INSTRUCTIONS FOR THE TASK: Could you transcribe exactly the lines below, from the line with "Hallo Feuerkorb mit" through the line with "45 x 60 cm, 5.", and nothing else, leaving out the pictures?

INFORMATION SHOWN:
- - - - - - -

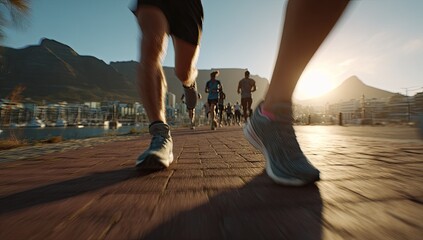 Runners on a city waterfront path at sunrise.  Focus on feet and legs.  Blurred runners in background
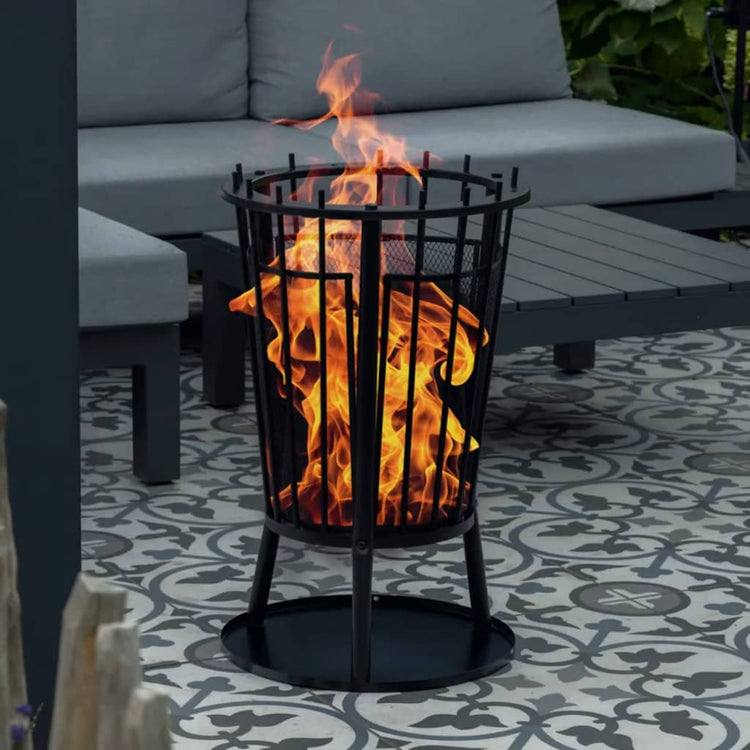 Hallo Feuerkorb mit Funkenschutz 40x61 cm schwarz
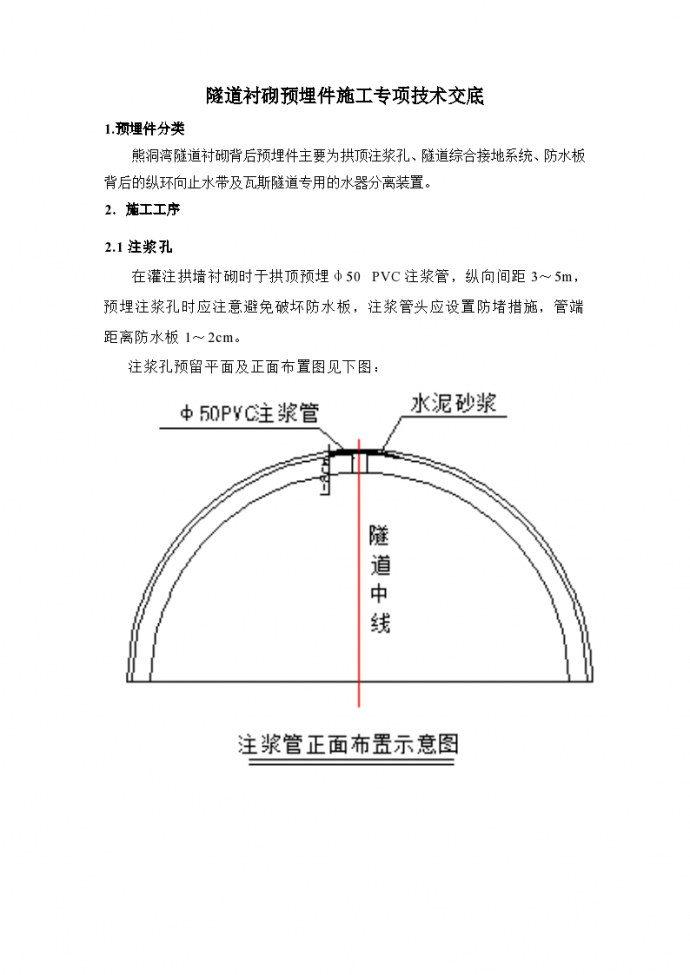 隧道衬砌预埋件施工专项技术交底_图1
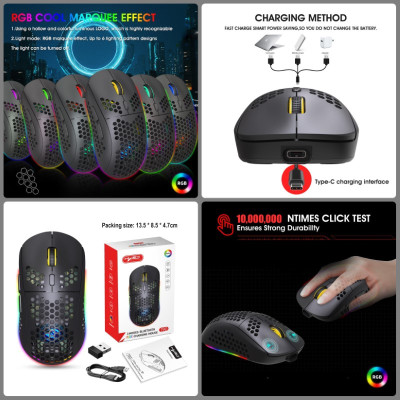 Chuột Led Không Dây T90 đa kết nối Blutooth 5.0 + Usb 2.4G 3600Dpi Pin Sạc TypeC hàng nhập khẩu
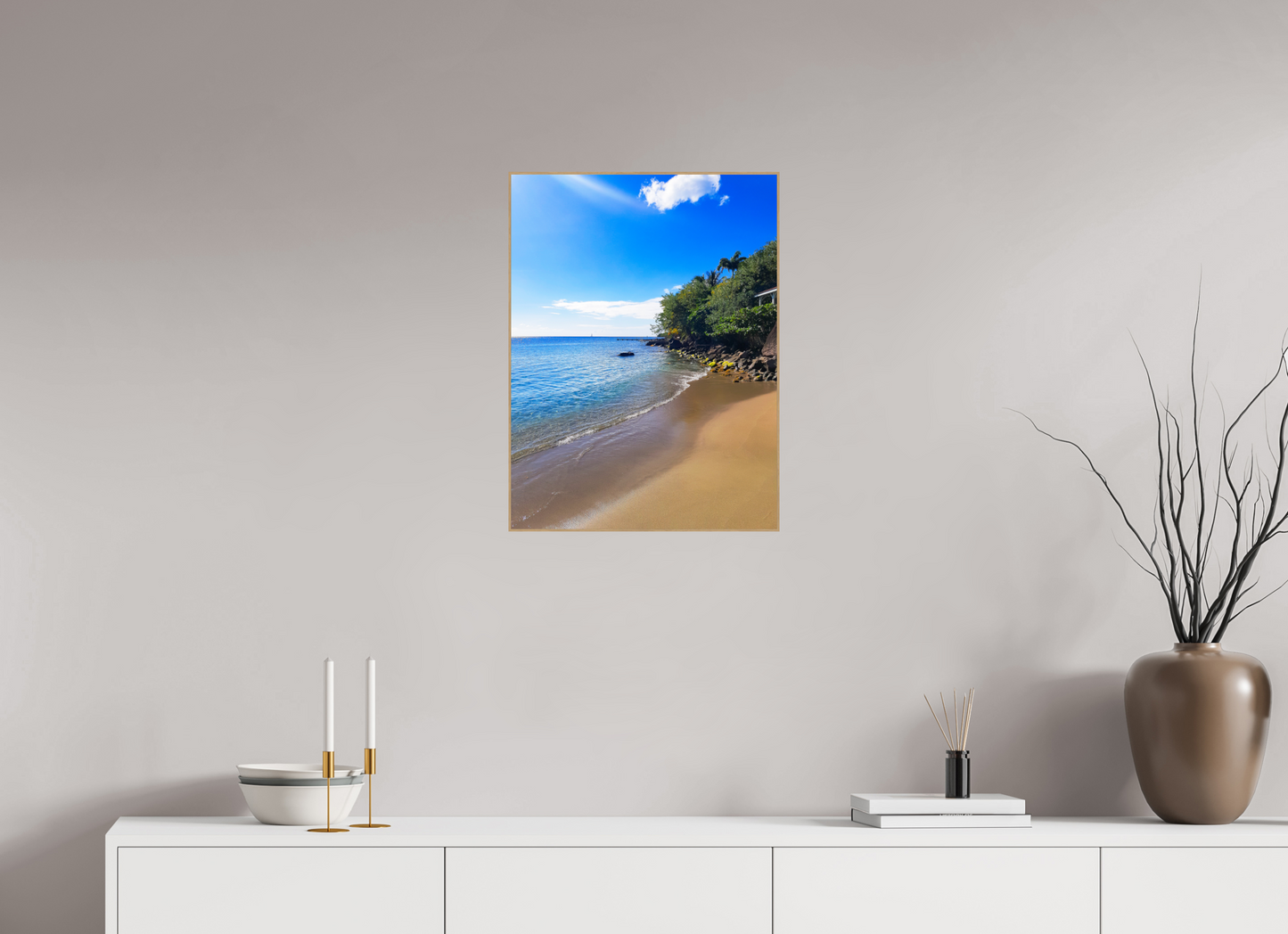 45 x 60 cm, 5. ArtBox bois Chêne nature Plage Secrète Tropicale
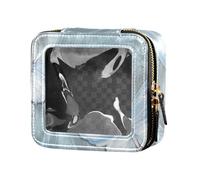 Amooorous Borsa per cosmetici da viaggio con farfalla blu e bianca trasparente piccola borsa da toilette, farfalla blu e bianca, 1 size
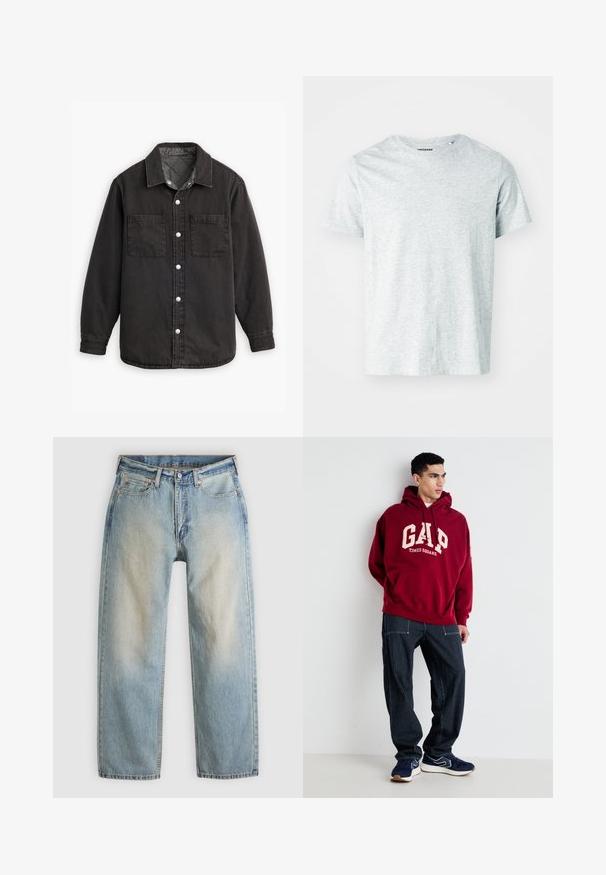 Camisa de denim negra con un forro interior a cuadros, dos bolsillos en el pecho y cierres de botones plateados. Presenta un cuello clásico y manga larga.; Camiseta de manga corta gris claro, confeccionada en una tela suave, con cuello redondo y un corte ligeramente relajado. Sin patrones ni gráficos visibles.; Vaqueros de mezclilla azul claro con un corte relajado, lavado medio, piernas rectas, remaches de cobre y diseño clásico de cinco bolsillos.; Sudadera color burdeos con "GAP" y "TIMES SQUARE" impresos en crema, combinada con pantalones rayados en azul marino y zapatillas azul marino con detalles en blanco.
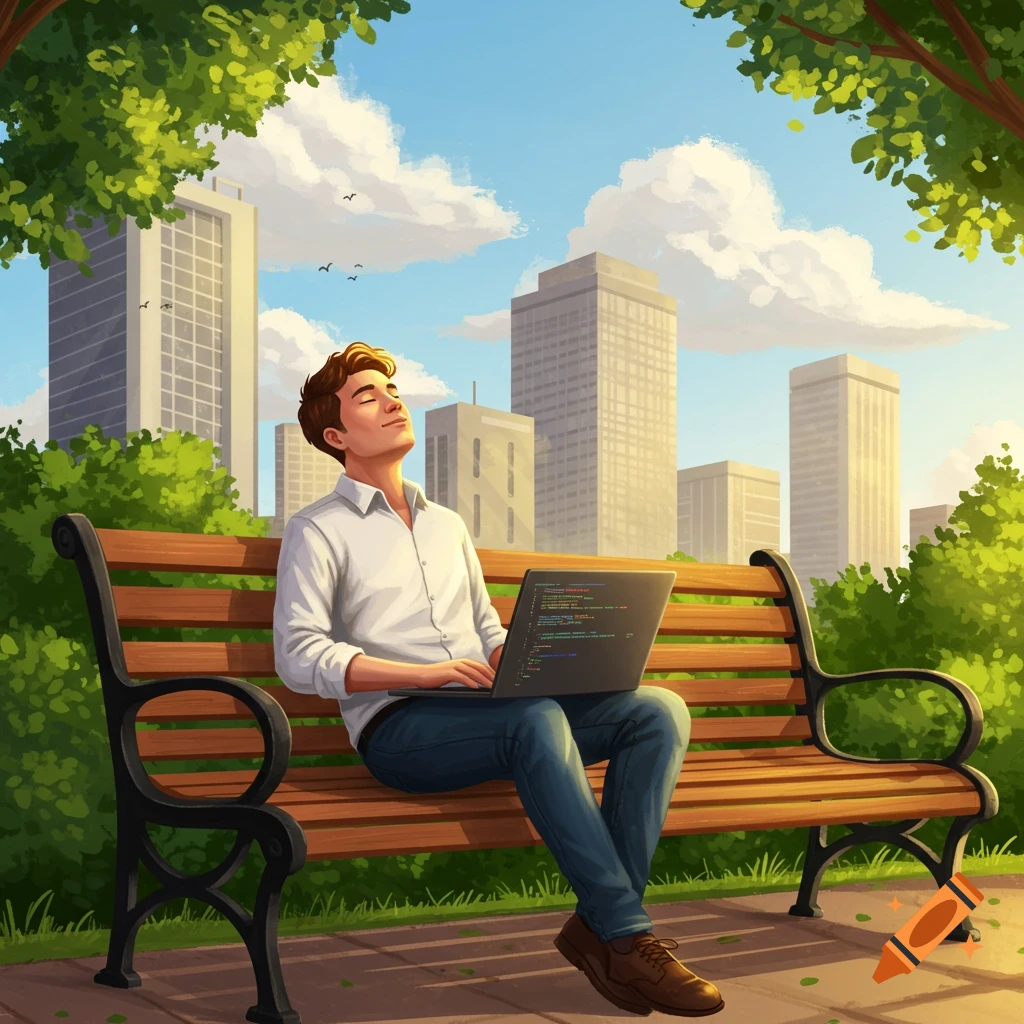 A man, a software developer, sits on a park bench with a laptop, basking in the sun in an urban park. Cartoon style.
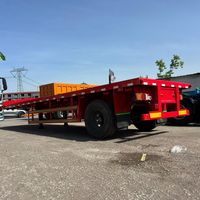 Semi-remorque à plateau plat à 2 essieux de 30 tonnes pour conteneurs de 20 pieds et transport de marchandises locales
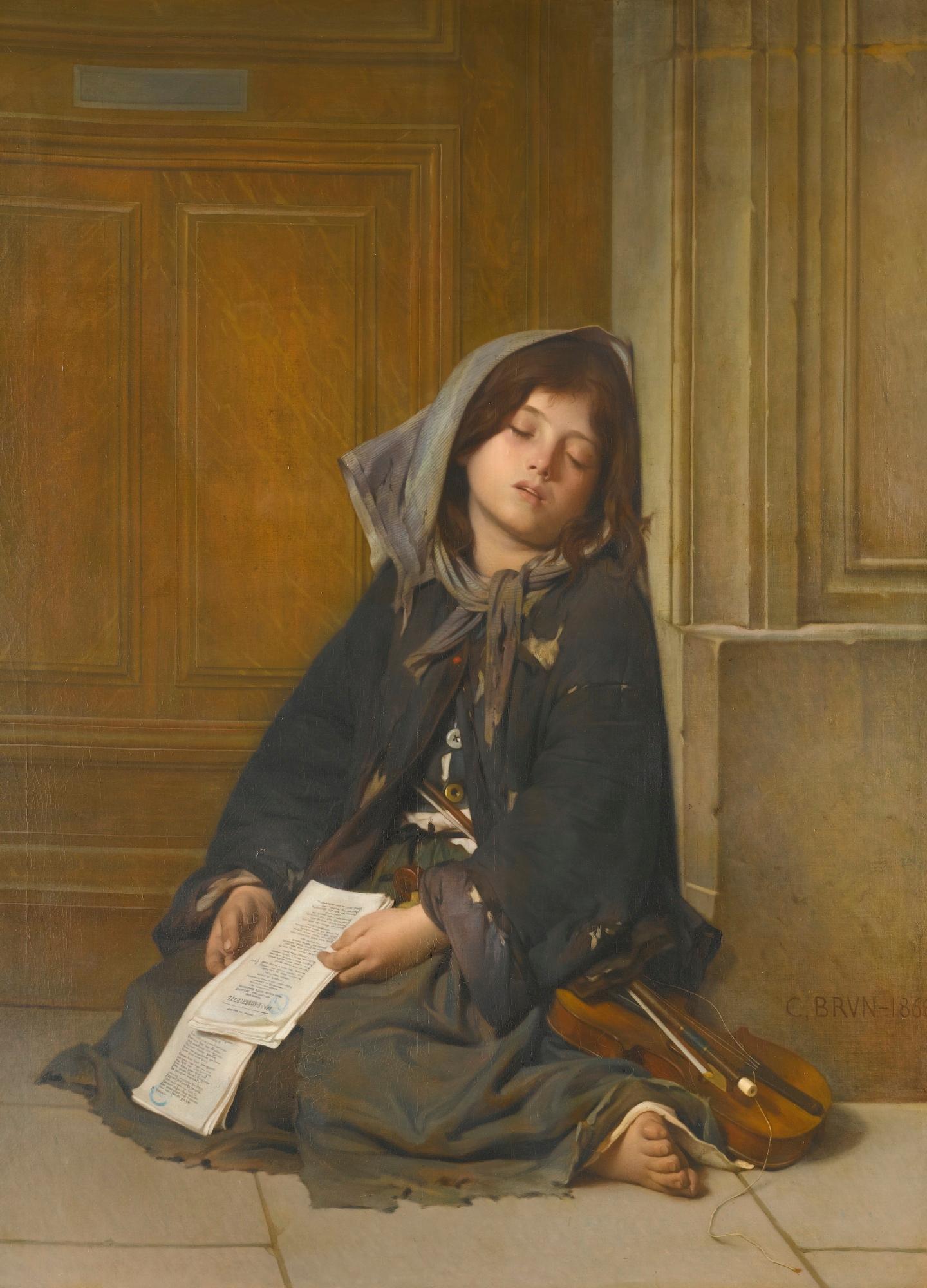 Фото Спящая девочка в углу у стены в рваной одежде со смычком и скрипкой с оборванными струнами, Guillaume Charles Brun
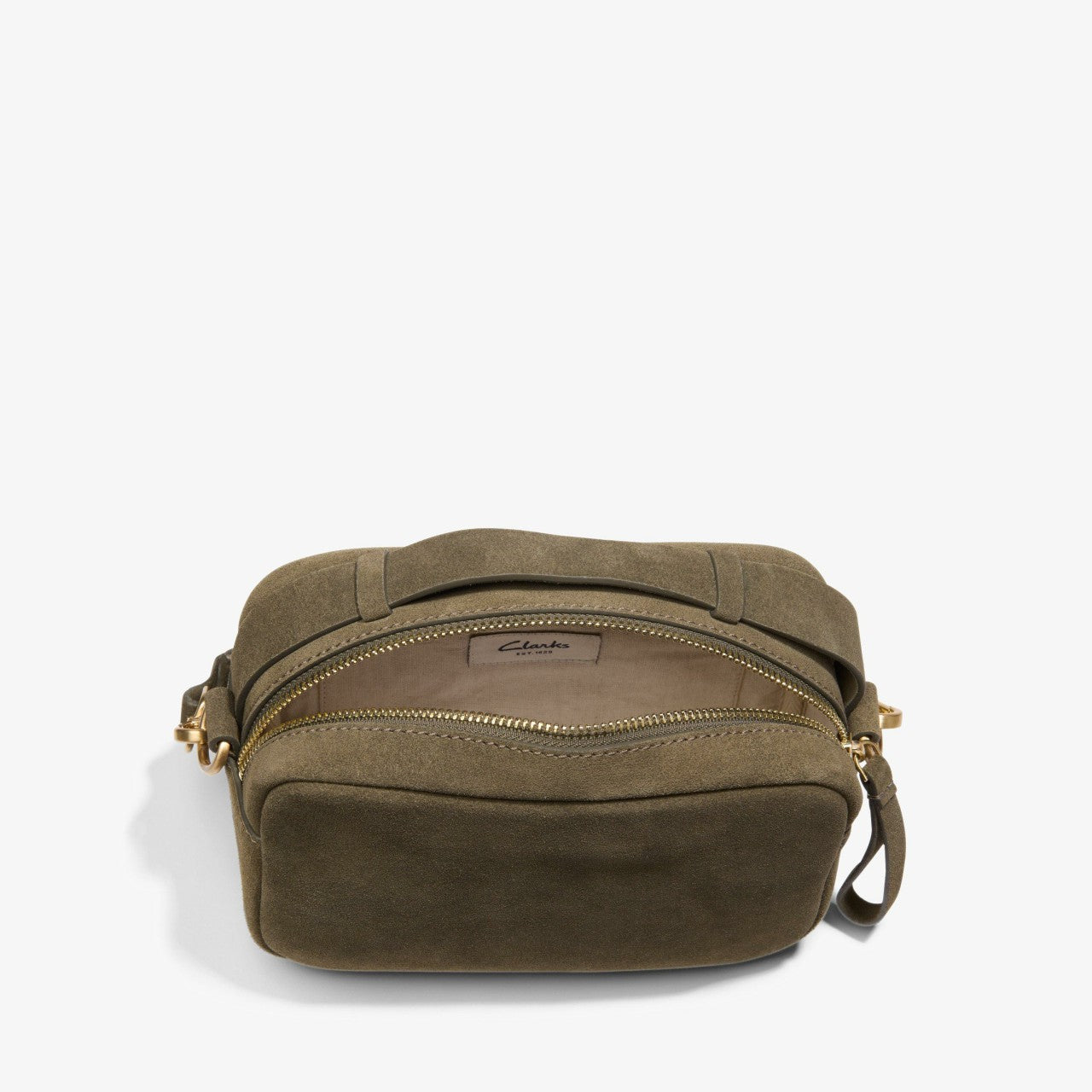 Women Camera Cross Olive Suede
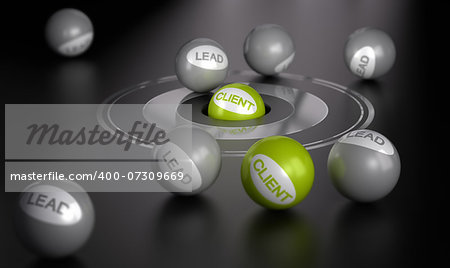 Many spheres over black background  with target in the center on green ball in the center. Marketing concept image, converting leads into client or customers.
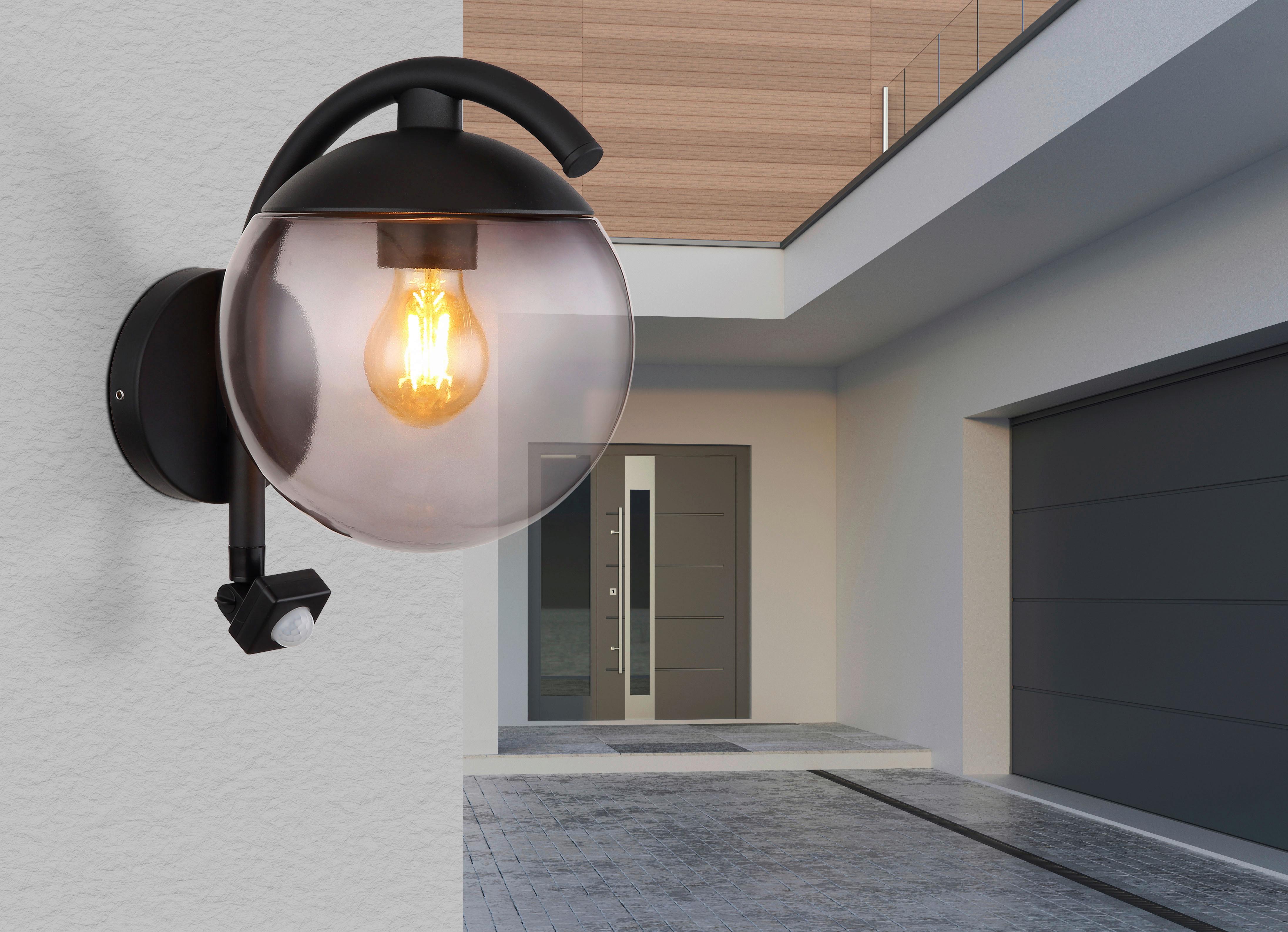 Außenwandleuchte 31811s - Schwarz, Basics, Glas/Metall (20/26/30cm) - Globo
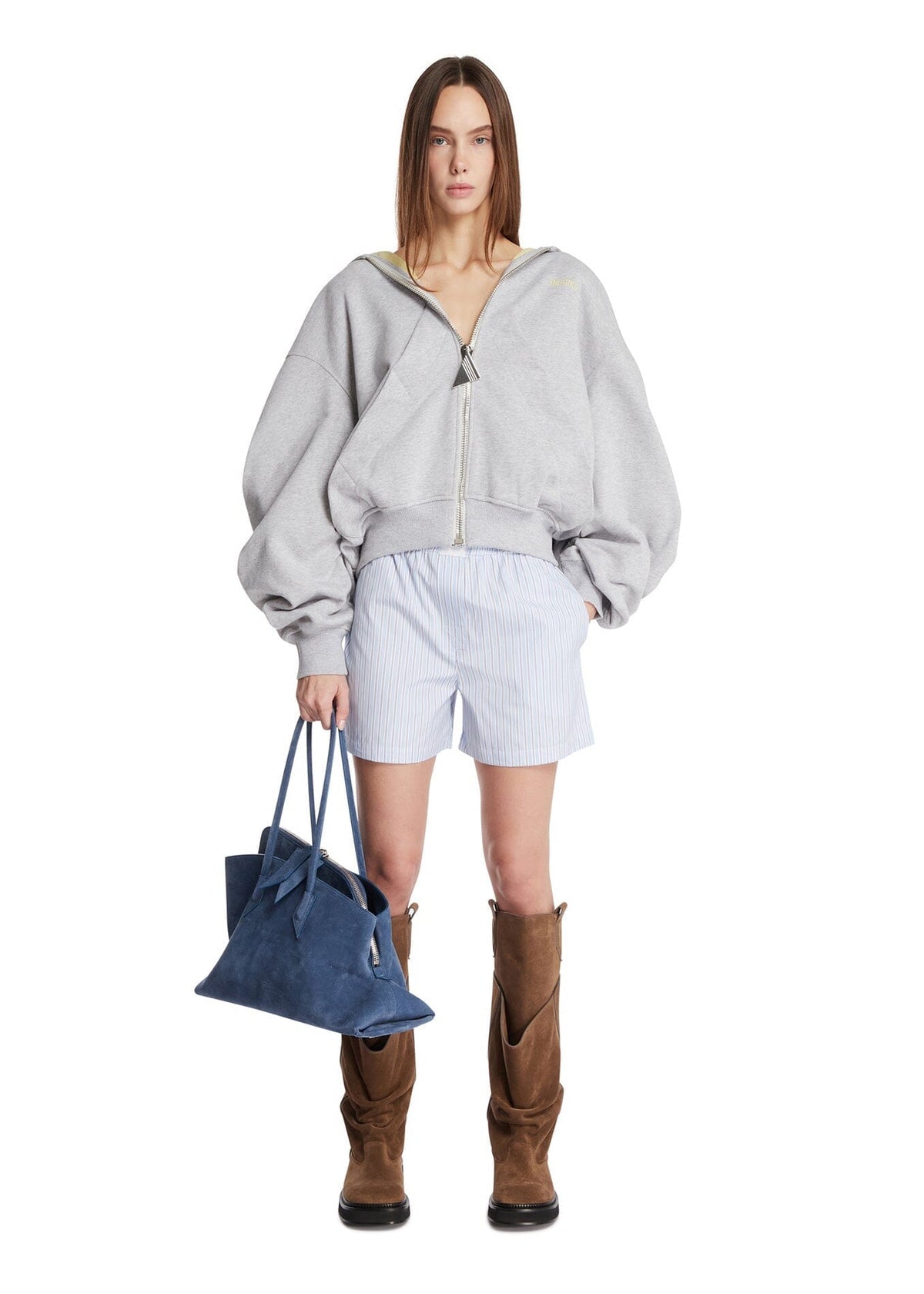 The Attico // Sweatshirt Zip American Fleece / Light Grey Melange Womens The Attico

- - - - - - -

RESPONSE TO THIS TASK:
 Hallo Feuerkorb mit Funkenschutz 40x61 cm schwarz
 隧道衬砌预埋件施工专项技术交底_图1
 Chuột Led Không Dây T90 đa kết nối Blutooth 5.0 + Usb 2.4G 3600Dpi Pin Sạc TypeC hàng nhập khẩu
 45 x 60 cm, 5. ArtBox bois Chêne nature Plage Secrète Tropicale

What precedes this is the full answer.